RegulaTor: A Straightforward Website Fingerprinting Defense. (arXiv:2012.06609v2 [cs.CR] UPDATED)

Website Fingerprinting (WF) attacks are used by local passive attackers to
determine the destination of encrypted internet traffic by comparing the
sequences of packets sent to and received by the user to a previously recorded
data set. As a result, WF attacks are of particular concern to
privacy-enhancing technologies such as Tor. In response, a variety of WF
defenses have been developed, though they tend to incur high bandwidth and
latency overhead or require additional infrastructure, thus making them
difficult to implement in practice. Some lighter-weight defenses have been
presented as well; still, they attain only moderate effectiveness against
recently published WF attacks. In this paper, we aim to present a realistic and
novel defense, RegulaTor, which takes advantage of common patterns in web
browsing traffic to reduce both defense overhead and the accuracy of current WF
attacks.
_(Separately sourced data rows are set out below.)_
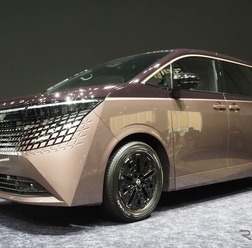 日産 エルグランド 新型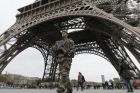 VerschärfteSicherheitsmaßnahmen um Eifelturm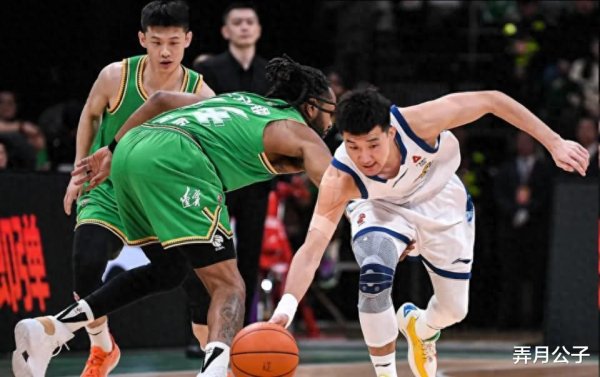 谁慎重到! 广厦一东说念主终止与布朗击掌, 这是为啥? 没布朗哪来的冠军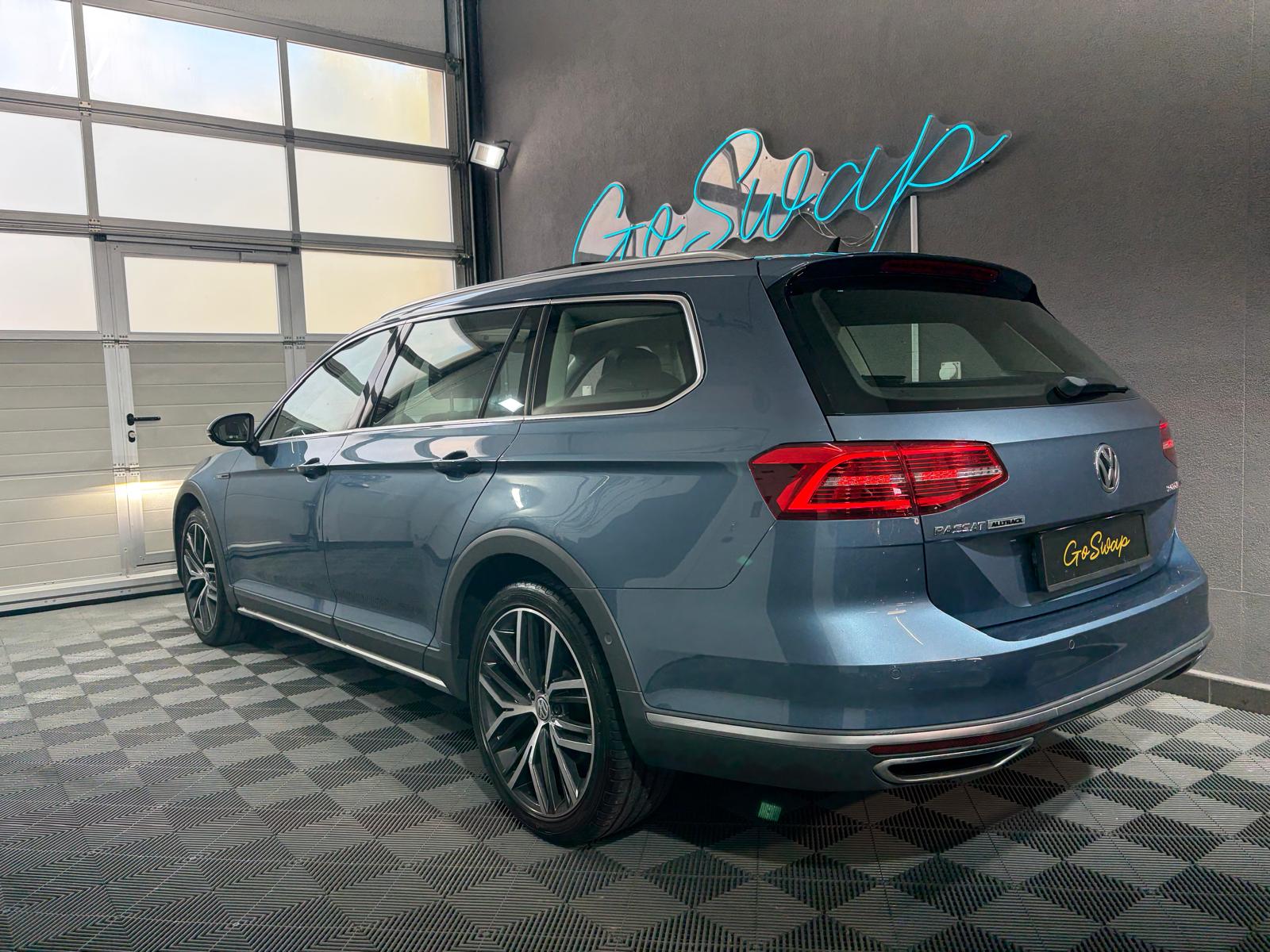 VW Passat Alltrack 2.0 TDI BMT 4Motion DSG - Attelage - Toit ouvrant-image-7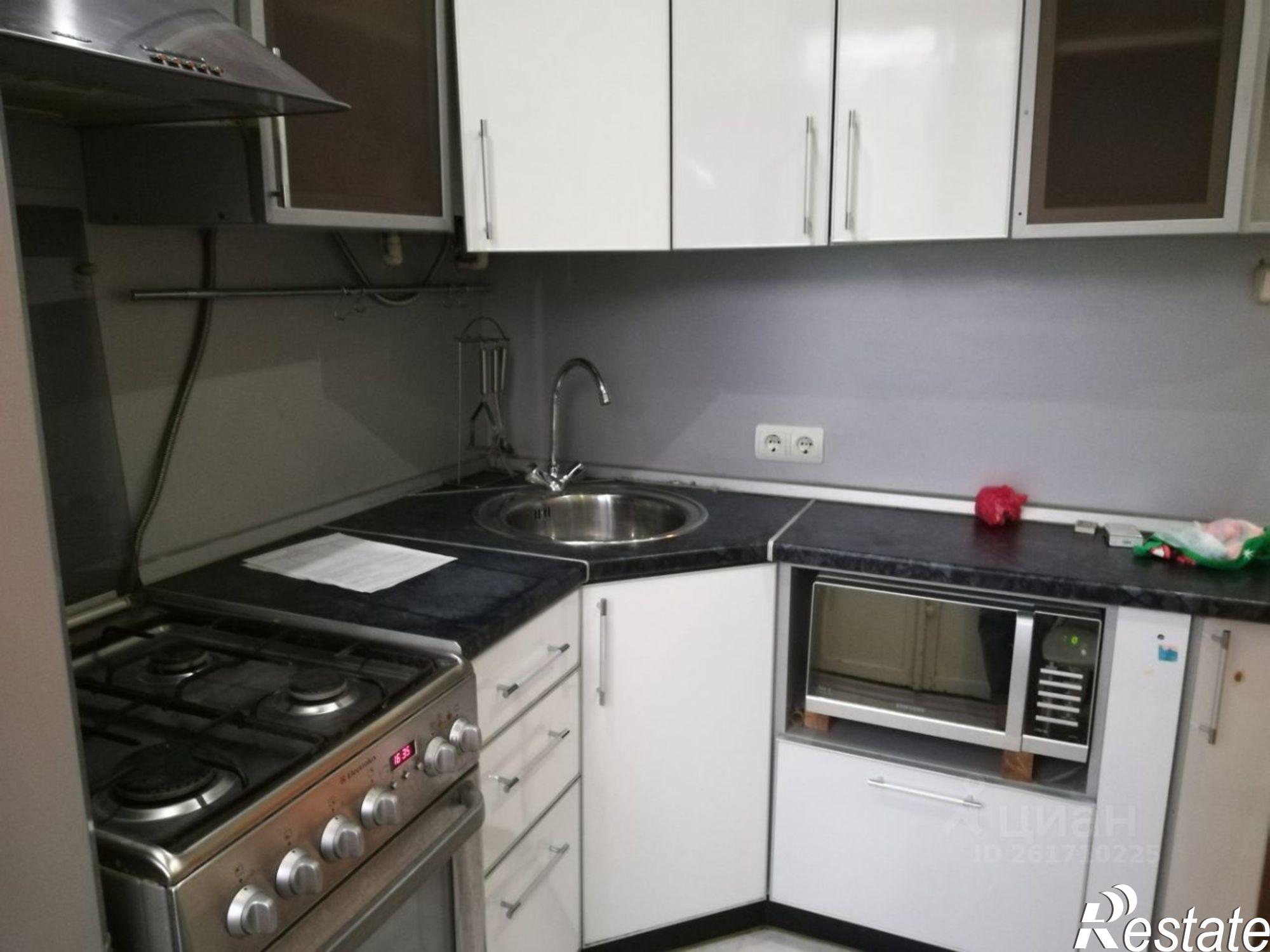 Сдать квартиру за 18 000 рублей на пр-кт Гагарина, 10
In the closed-world setting, RegulaTor reduces the accuracy of the
state-of-the-art attack, Tik-Tok, against comparable defenses from 66% to
25.4%. To achieve this performance, it requires limited added latency and a
bandwidth overhead 39.1% less than the leading moderate-overhead defense. In
the open-world setting, RegulaTor limits a precision-tuned Tik-Tok attack to an
F-score of .135, compared to .625 for the best comparable defense.